# ETL example and exercise notebook

In this notebook the example data from the book and other data is loaded and examples of ETL is presented. Futhermore, there are exercises you can try out yourself.

## 1 Loading data into R

In this section we will load different types of data into R.

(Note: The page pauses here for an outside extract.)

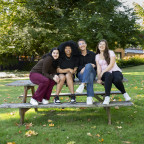 Phonathon students sitting together on a picnic table smiling
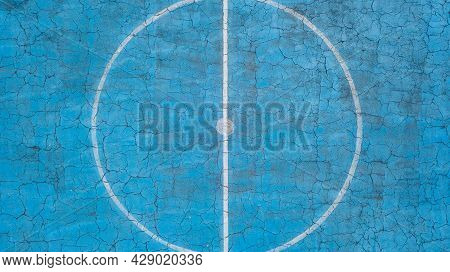 Multi-sport Court With A Central Circle And A Floor Painted Blue And Weathered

First we will load the data from the Books [Github page](https://github.com/jgendron/com.packtpub.intro.r.bi). You can see the raw data [here](https://raw.githubusercontent.com/jgendron/com.packtpub.intro.r.bi/master/Chapter1-ExtractTransformLoad/data/Ch1_bike_sharing_data.csv)

In [1]:
url <- "https://raw.githubusercontent.com/jgendron/com.packtpub.intro.r.bi/master/Chapter1-ExtractTransformLoad/data/Ch1_bike_sharing_data.csv"
bikeData <- read.csv(url)

The above command first store the url of the data in the a variable called `url`. Then, this variable is passed to the function `read.csv` that reads the data into the data frame `bikeData`. (So you can read csv files directly into R from the web without downloading the file first.)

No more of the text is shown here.